British MPs urge other nations to "pick up the slack" on Syrian aid

5 Jan 16

European countries and members of the OECD must pick up the slack in their aid funding to Syria and surrounding countries, UK parliamentarians have said. 

 

 

The UK’s International Development Committee, which scrutinises the work of the Department for International Development, commended British efforts to alleviate the Syrian crisis but said the under-commitment of others is deeply concerning.

Following an inquiry into the UK government’s response to the Syrian refugee crisis, the committee urged Britain to “apply more pressure on other donors” to meet international commitments and direct an appropriate proportion of Official Development Assistance funding to the Syrian crisis.

The report said that only half of the 2015 funding requirement for the crisis was filled as wealthy donors failed to meet their financial commitments. The MPs singled out France, Italy and Japan as paying less than a quarter of their fair share.

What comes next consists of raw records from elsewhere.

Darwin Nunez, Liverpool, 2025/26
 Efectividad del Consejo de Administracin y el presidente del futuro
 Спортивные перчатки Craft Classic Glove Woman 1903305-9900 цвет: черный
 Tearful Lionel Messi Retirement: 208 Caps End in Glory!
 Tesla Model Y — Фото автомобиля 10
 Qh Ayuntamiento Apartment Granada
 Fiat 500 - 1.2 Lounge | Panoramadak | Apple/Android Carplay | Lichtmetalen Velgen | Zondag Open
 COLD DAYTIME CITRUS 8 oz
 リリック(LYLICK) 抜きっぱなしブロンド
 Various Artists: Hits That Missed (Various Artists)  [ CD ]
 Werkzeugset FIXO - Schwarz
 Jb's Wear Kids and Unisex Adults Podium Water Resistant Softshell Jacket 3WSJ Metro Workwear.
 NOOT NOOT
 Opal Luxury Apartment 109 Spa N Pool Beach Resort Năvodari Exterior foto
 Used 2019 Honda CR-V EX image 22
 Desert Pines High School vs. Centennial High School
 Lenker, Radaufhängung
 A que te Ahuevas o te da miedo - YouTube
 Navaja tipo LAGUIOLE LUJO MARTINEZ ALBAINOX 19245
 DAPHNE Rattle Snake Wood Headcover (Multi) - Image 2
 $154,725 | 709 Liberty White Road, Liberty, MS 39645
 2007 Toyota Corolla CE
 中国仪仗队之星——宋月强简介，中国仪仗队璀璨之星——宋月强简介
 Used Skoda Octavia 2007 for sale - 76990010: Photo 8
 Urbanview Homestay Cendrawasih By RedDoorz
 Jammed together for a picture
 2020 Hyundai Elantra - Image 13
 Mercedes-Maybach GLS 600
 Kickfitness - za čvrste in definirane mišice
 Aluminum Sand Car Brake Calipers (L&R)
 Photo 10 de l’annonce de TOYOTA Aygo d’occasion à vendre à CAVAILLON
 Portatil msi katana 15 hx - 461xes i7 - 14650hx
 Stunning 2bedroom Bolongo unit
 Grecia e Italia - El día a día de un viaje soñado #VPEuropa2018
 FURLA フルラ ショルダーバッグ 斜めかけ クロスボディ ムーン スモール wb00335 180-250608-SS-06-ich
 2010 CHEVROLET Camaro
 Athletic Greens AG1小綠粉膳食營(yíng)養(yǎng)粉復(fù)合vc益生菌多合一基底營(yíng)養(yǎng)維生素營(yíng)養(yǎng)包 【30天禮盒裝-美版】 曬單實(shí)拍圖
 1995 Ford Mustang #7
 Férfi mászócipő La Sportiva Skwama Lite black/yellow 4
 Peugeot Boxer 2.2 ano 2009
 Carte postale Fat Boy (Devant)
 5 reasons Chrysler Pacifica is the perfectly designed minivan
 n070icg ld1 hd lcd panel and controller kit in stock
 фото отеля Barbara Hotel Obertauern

This has lead to increased poverty and vulnerability among Syrian refugees in neighbouring countries such as Jordan and Lebanon, who are often forced to turn to begging, child labour and prostitution to meet their basic needs.

The World Food Programme had to significantly scale back its operations in countries bordering Syria due to underfunding last year, the committee noted.

The crisis is creating financial strain in host countries too. Populations in Jordan and Lebanon have boomed with the influx of refugees, placing immense pressure on public services and generating significant social tensions between refugees and locals as competition for work and resources increases.

The MPs wrote that they are “gravely concerned” about the risk such tensions could “further contribute to regional instability”.

Deteriorating conditions in the region due to underfunding are also spurring onwards migration as refugees move on in search of a better quality of life in Europe in particular, the report noted.

Since the conflict in Syria began, DFID has allocated over £1.1bn in support, making the UK the second largest bilateral donor to the crisis. Analysis by Oxfam found that the UK is the only member of the G7 to have sufficiently contributed – sending 229% of its ‘fair share’ of funding to the region.

France, Japan and Italy on the other hand have contributed 22%, 24% and 21% of their fair shares respectively.

Wealthy countries recently reaffirmed international commitments to spend 0.7% of gross national income on aid and development at the Financing for Development conference in Ethiopia last summer. However many are still “not being held to account for delivery against this commitment”, the report said.

The committee also urged the UK government to take an additional 3,000 child refugees, ensure the most vulnerable groups have fair access to resettlement and work towards creating opportunities for sustainable employment for refugees in the region.